At the Asian Development Bank, which lends to governments and companies in Asia’s developing markets, Jay Roop is part of a team that oversees the construction of wharves, ports and roads around the Pacific region. To predict how projects might fare in future climate conditions, he and his team use 24 different climate models. The data they incorporate include melting rates of glaciers, historical ocean temperatures and rainfall, and information on local geography and water dynamics, which can affect storm surges. Most models don’t have data on the stability of Antarctic ice.

Mr. Roop consulted climate models to assess a wharf the Papua New Guinea government wanted to build. Many models suggested that, without climate-proofing, the wharf would be underwater within a few decades. The design was reconfigured so the wharf could be easily raised. That increased the cost by roughly 17%. Construction will begin in late 2019.

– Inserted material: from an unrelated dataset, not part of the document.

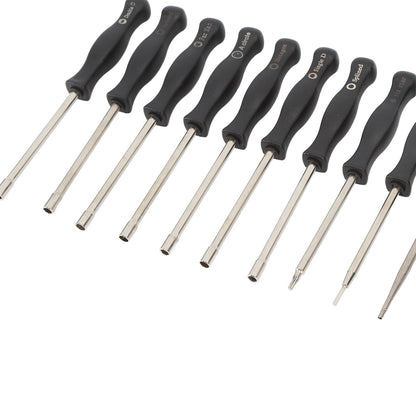 14Pcs Carburetor Adjustment Tool ABS Carb Tune Up Adjusting Tool Portable for String Trimmers Chain Saws Leaf Blowers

A better sense of how the ice in polar regions is changing would narrow the “range of possible climate futures… which would give us more confidence in how we manage the risks that are being presented to us,” says Mr. Roop, a senior climate specialist in ADB’s Pacific department.

Those who make investment decisions rely on proprietary climate data and publicly funded ice-sheet and global climate models. Some of the data incorporated into models is from large surveys that show what is happening across continents or the world’s oceans.

Model builders using large-scale data can do no more than generalize about smaller-scale processes such as the effect of water on glaciers’ stability. Smaller surveys like the one in the Dry Valleys are “absolutely necessary” to understanding what is happening on the smaller scale and to improve the accuracy of models decision makers use, says Mathieu Morlighem, an ice-sheet modeler at the University of California, Irvine.

Drs. Mikucki, Tulaczyk and Doran are using the Dreamcatcher and on-the-ground measurements of the chemical properties of subglacial water to gain knowledge about ice-sheet behavior and Antarctic habitats never before gleaned from the continent’s ice.

Dr. Mikucki, a microbiologist from the University of Tennessee in Knoxville, and her students collected samples from the outflows of saltwater at the Taylor Glacier. The water’s high iron content washes the ice in red. They call it Blood Falls.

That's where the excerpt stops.